House of Cards massacra o jornalismo
Fernando Rodrigues
Na segunda temporada, série da Netflix expõe as fragilidades da mídia
Repórteres e analistas são pouco informados sobre o que se passa na política
ATENÇÃO: “SPOILERS” NESTE TEXTO!
LEIA SÓ ATÉ A METADE, NA PRÓXIMA MARCAÇÃO VERMELHA
A Netflix coloca no ar nesta sexta-feira (14.fev.2014) a segunda temporada de “House of Cards”, possivelmente a série de TV que mais bem retratou até hoje a crueza da vida política de uma grande capital, no caso, Washington, D.C.
De quebra, uma revolução midiática: “House of Cards” foi o primeiro produto de grande qualidade, consumindo milhões de dólares e elenco estelar, feito apenas para ser transmitido via streaming, com todos os episódios da temporada sendo liberados num mesmo dia no planeta inteiro.
O Blog assistiu sob embargo os 4 primeiros dos 13 episódios. Nesta segunda temporada, um subtema ganha destaque de forma cruel: como os jornais e os jornalistas são desinformados sobre política. Ou como é desigual a relação entre fonte (os políticos) e a mídia (os repórteres), estes últimos sempre subjugados e em posição inferior. Pior ainda: como alguns jornalistas se consideram poderosos e no fundo aparecem de forma patética em “House of Cards”, completamente sem saber o que se passa de fato.
“House of Cards” é protagonizada por Kevin Spacey (de “Beleza Americana” e há muitos anos em Londres encenando Shakespeare). Na série da Netflix, ele é o deputado federal Frank Underwood, um democrata da Carolina do Sul. Implacável nos métodos, passa sobre a cabeça de quem for necessário para conseguir seu objetivo –mais poder.
Como explica Underwood em um de seus monólogos olhando para a câmera, ele despreza as pessoas que se interessam muito e apenas por dinheiro. Dinheiro acaba. O poder, não. Poder é para sempre, afirma o deputado.
Na primeira temporada, Underwood destruiu a reputação de um colega que era autoridade na área da educação, manobrou para indicar a Secretária de Estado (equivalente a ministro das Relações Exteriores no Brasil, mas com muito mais poder) e terminou 2013 pronto para ser nomeado vice-presidente da República.
Nos EUA, quando o cargo fica vago, o presidente indica alguém e o Senado ratifica. Daí a frase pronunciada (presente no trailer desta segunda temporada) por Underwood ao tomar posse. Incorporando o seu “Ricardo 3º mode”, ele olha para a câmera diz, cínico: “A um passo da Vice-Presidência e nenhum voto recebido em meu nome… A democracia é tão superestimada”.
Eis o trailer:
No meio de todas as suas manobras na primeira temporada, Underwood ainda encontrou tempo para matar –isso mesmo, matar– o deputado Peter Russo que atrapalhava o seu caminho. Agora, haverá pelo menos mais uma morte.

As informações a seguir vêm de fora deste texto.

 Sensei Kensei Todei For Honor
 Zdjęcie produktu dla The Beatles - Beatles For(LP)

A segunda temporada é soturna. Tem cenas mais escuras do que a primeira. Essa é a impressão depois de assistir aos 4 primeiros episódios, todos lúgubres e aflitivos. Underwood está lá. Também está sua mulher, a inefável Claire (a excelente atriz Robin Wright). E todas as maquinações dentro do Congresso e da Casa Branca para favorecer um grande milionário na área de energia, tentar emplacar o novo líder da maioria e aprovar um plano de reforma previdenciária reduzindo a idade mínima de aposentadoria.
Esses temas remetem também à política praticada em várias democracias representativas ocidentais que copiam o modelo dos EUA –ou tentam copiar, como o Brasil.

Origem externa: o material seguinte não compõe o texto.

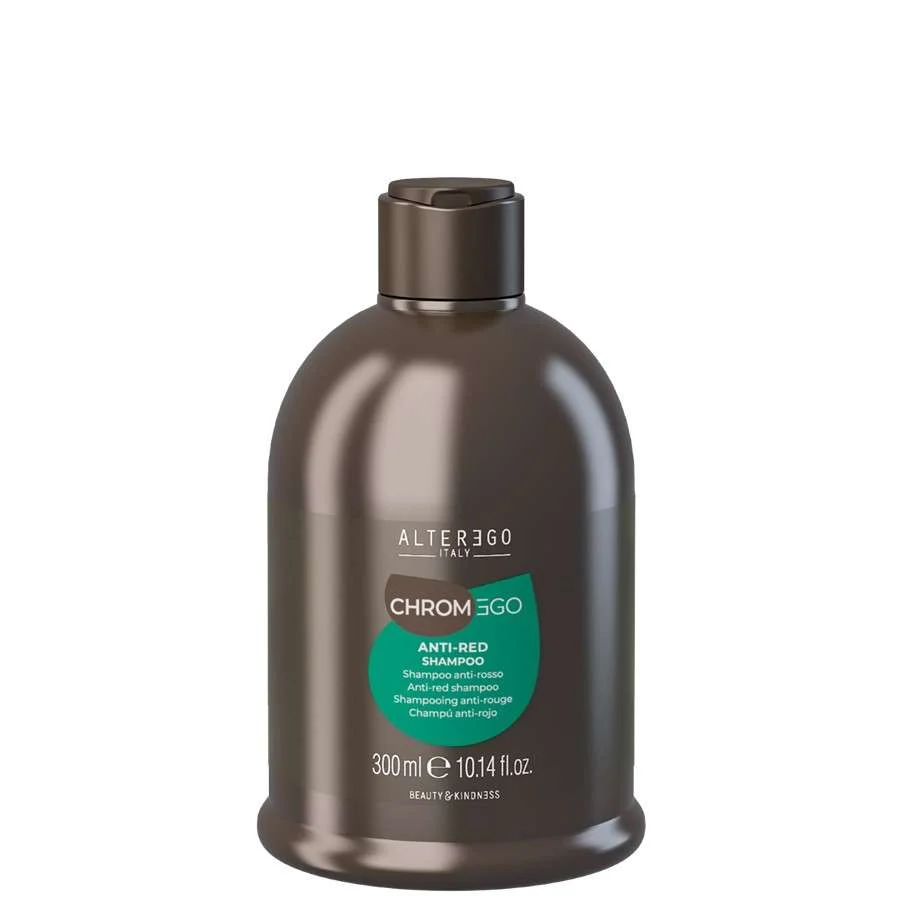 EGOLINE CHROMEGO ANTI-RED SHAMPOO 300 ML.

Mas o que me chamou a atenção foram as relações fonte-jornalista. Já na primeira temporada, o deputado Frank Underwood escolhe uma repórter iniciante no principal jornal da capital dos EUA para ser o seu canal privilegiado de vazamentos. Trata-se de Zoe Barnes, interpretada por Kate Mara.
Nos episódios de 2013, Zoe Barnes já demonstra algumas fraquezas éticas. Vai para a cama e faz sexo com o deputado. Permite a ele, numa prova de que é uma repórter confiável, fotografá-la nua depois de terem transado. Essas imagens reaparecem agora nos episódios de 2014, de maneira assustadora.
RACHEL MADDOW
No início do segundo episódio desta segunda temporada, Frank Underwood toma posse como vice-presidente dos EUA. Enquanto se prepara para cerimônia dando um nó na gravata, uma TV está sintonizada na comentarista Rachel Maddow , da MSNBC, o canal a cabo mais identificado com os democratas. Ela tem mais de 2.8 milhões de seguidores no Twitter.
Maddow aparece como ela própria. Dá ainda mais verossimilhança à série. Em 2013 outros jornalistas e analistas políticos também apareceram representando a si mesmos –Soledad O'Brien (da CNN), Bill Maher (HBO) e George Stephanopoulos (ABC), entre outros.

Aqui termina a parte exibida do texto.